S’en prendre à Boko Haram, un mouvement terroriste qu’il a longtemps couvé, quelle mouche a donc piqué Déby. Est-il soudainement touché par la grâce de la lutte anti-terroriste ? Agit-il pour le compte de la France ? Si les militaires français applaudissent en coulisses, le Quai d’Orsay ne fait aucun commentaire. Le voilà donc débarqué depuis une dizaine de jours avec des centaines d’hommes et de véhicules pour faire la police dans un pays totalement incapable de se défendre lui-même. Le Cameroun, dirigé depuis 32 ans par Paul Biya, 82 ans, dispose pourtant d’une armée de quarante mille hommes (avec la gendarmerie). Des militaires mal-entraînés et sous-équipés, en raison de la corruption de généraux qui détournent une partie du budget et surtout de la méfiance de Biya envers les hommes portant treillis ce qui lui a permis, jusqu’à maintenant, d’éviter d’être renversé par un coup d’État. Si le président vient de s’offrir comme avion de fonction un Boeing 767, son armée de l’air ne dispose que de Fouga Magister, un avion de combat datant des années cinquante, et d’Alpha Jet, conçu dans les années soixante-dix. Une défense de pacotille à côté de celle du Tchad, équipée de Sukkhoïs, d’hélicoptères de combat Mi24 et Mi17, et depuis quelques mois d’un Mig 29, disposant aussi d’une unité anti-terroriste formée depuis 2004 par les Américains. En déployant une telle force de frappe face à Boko Haram, Déby prend le risque d’être attaqué sur son propre sol par une organisation djihadiste qui dispose déjà d’une base arrière au Niger, mène des actions au Cameroun et tente de s’implanter en Centrafrique. Pour prévenir la menace, il vient de rafler et d’arrêter un millier de suspects de sympathies islamistes à N’Djamena. Mais, on le voit au Nigeria, la réponse exclusivement militaire à la barbarie des Barbus ne permet pas de réduire leur influence et leur expansionnisme. Dans un pays complètement corrompu, dirigé par un président, Goodluck Jonathan, notoirement incompétent, les populations du nord, qui se sentent abandonnées du pouvoir de Lagos, continuent d’apporter un soutien passif aux islamistes, avec la complicité d’élites et de politiciens locaux, fâchés d’être marginalisés. Sans mesures politiques et sociales visant à réduire son influence, le djihadisme ne peut être vaincu durablement.

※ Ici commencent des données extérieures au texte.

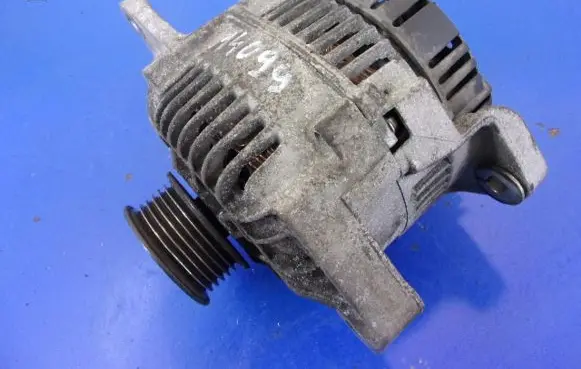 Renault Laguna I Generator/alternator 7700424582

Confiant en sa bonne étoile qui lui a permis de se sortir sans dommages de son engagement contre les islamistes maliens, Idriss Déby n’a cure de considérations politico-sociales. En envoyant ses troupes contre Boko Haram au Cameroun, il espère faire d’une pierre deux coups. Renforcer sa stature de président incontournable aux yeux des Occidentaux et aussi protéger les intérêts économiques de son pays. Totalement enclavé, le Tchad ne dispose pas d’autres débouchés que le Cameroun pour assurer son approvisionnement, via une voie ferrée, et évacuer son pétrole, via un oléoduc d’un millier de kilomètres. Deux cordons ombilicaux menacés par la présence de Boko Haram. En 2013, Biya avait obtenu le triplement des droits de passage du pétrole tchadien qui apportent de substantiels revenus au trésor camerounais. Il est probable que Déby fera chèrement payer son aide militaire. Entre vieux crocodiles du marigot françafricain, on ne se fait jamais de cadeaux.